Have you decided it’s time to refinance? Maybe you want to tap into your home’s equity or you want to secure a lower interest rate. No matter the reason, you should prepare yourself for the refinance. Most borrowers want to get the lowest rate and best terms possible on their refinance. This is only possible when you prove to a lender that you are a low-risk borrower.
Follow the five steps below to help you get the most out of your refinance.
Check Your Credit and Improve It
Your credit still remains one of the most important factors when refinancing your loan. Lenders pull your credit before they do anything else (with your permission, of course). They look not only at your credit score but also at your credit history. They want to know that you’ve had good financial habits over the last two years.
You can pull your credit report from each of the three bureaus here. This will give you the opportunity to look at your credit history, not your credit score. Do you notice any patterns of late payments? Do you have overextended credit? You’ll want to fix these issues before you apply for a refinance. Late payments must be brought current and your credit balances shouldn’t exceed 30% of the credit line.
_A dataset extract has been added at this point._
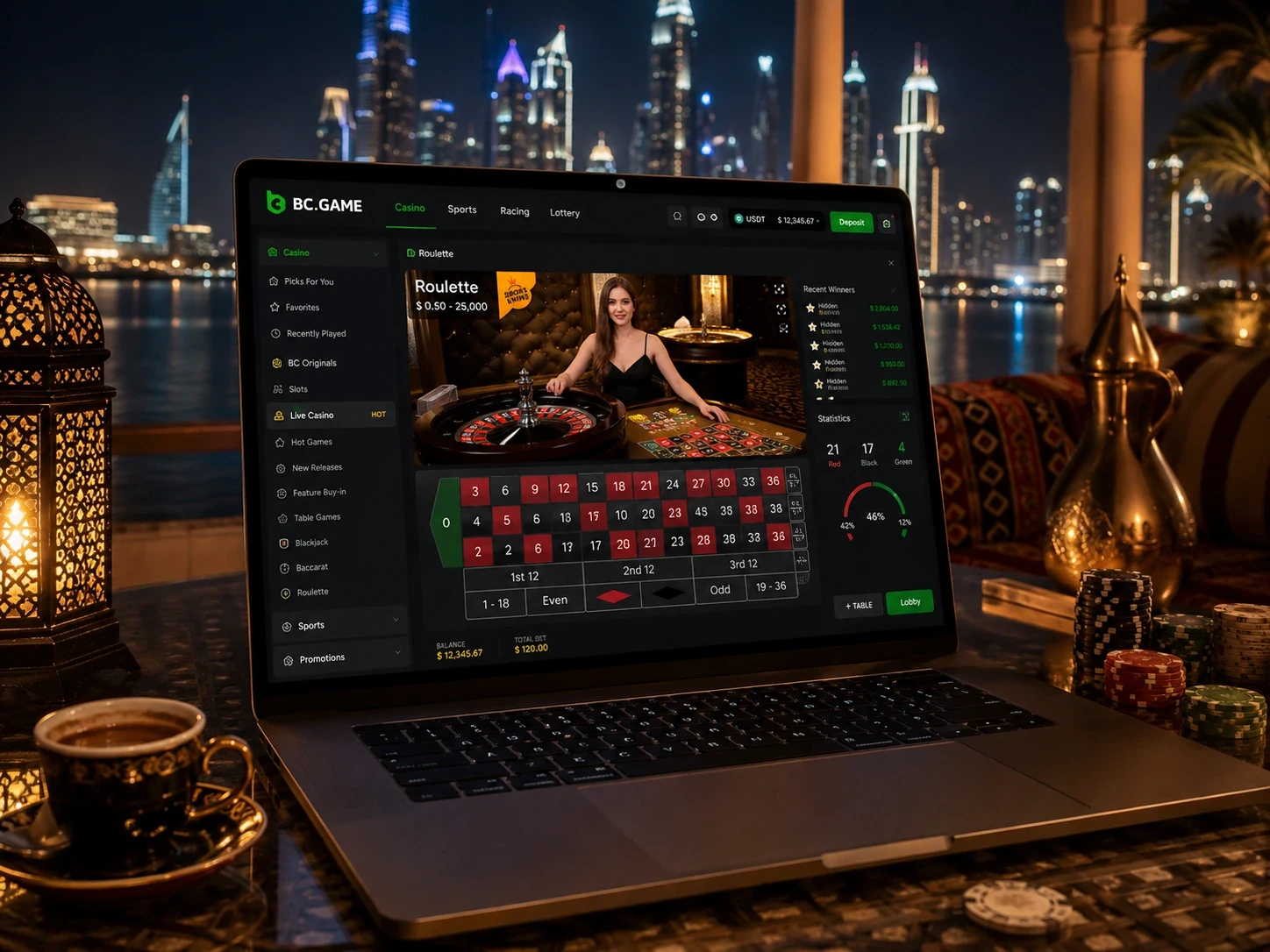 ألعاب الكازينو المباشر في BC Game الإمارات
You may also want to check your credit score. You can do that with many banks and/or credit card companies. Check with those that you bank or carry credit cards with to see who offers free access to your credit score.
It’s best if you have a credit score over 680, especially if you want to use conventional financing. If you will use government-backed financing, you may be able to get by with a credit score as low as 580, but the higher your score is, the better the interest rate a lender will give you.
Save Money as Reserves
Lenders like to see that you have reserves or an ‘emergency fund.’ They want the funds in some type of liquid account; in other words, in an account that you can easily convert to cash, such as a checking or savings account. Stocks, bonds, and money market accounts may also suffice, though.
Your goal should be to save as much as 3 months of your mortgage payment in a liquid account. Of course, the more money you have saved, the better your chances of getting approved for a refinance. Keep in mind, this usually isn’t a requirement to refinance, but it can help you get the best rate and terms when you do want to refinance.
Pay Your Bills Off
Do you have a lot of outstanding credit card debt? Even though lenders let balances that are 30% or less of the available credit slide, it doesn’t mean it doesn’t affect your loan approval.
The best situation is to pay off as many debts as you can before you refinance. This way your debt ratio is as low as possible when you apply for the refinance. Fewer debts mean less competition for your money when it comes to paying your bills. Lenders will feel confident that you can pay your mortgage and will reward you with a lower interest rate and/or better terms. This definitely comes into play if you apply for a cash-out refinance. Tapping into your home’s equity is a risk for lenders, but if you have a low debt ratio, they may be more willing to provide you with the loan.
Stabilize Your Employment
Lenders don’t like to see applicants that hop from job to job. They want borrowers that have had the same job for a decent amount of time. Generally, they want to see you at the same job for at least 2 years. This shows the lender that you have consistency and reliability.
If you change jobs within the last 2 years, it doesn’t mean you won’t be able to refinance. Lenders might be a little more cautious though. They will want to know why you changed jobs and how it compares to your previous job. For example, are you making the same amount of money or more? If you make less, that is a red flag for lenders. Are you working in the same industry or did you change industries? That’s another red flag for lenders. If you did change industries, they want to know what level of expertise you have for that industry in order to prove that you can succeed (went back to school, took training, etc.).
Stabilize Your Income
Your income is probably one of the second most important things lenders look at when deciding if you deserve to refinance. They generally look back over the last 2 years. This means if you changed jobs and make less this year than last year, the lender will know.
You should choose to apply for a refinance when you know you’ve had stable income for at least the last 12 months, but 2 years is even better. Lenders like stability, which is even more important when you are self-employed or work on commission. Anyone except those on a regular salary should try to keep their income as stable as possible with as few write-offs on their taxes as possible in order to increase their chances of securing approval for a refinance.
Taking the time to perfect your loan application before you refinance will increase your chances of approval. Lenders like to see consistency, reliability, and the least amount of red flags as possible. In other words, they don’t want a borrower that might default on their loan. Make yourself look as good as possible financially, and you’ll have a better chance at approval.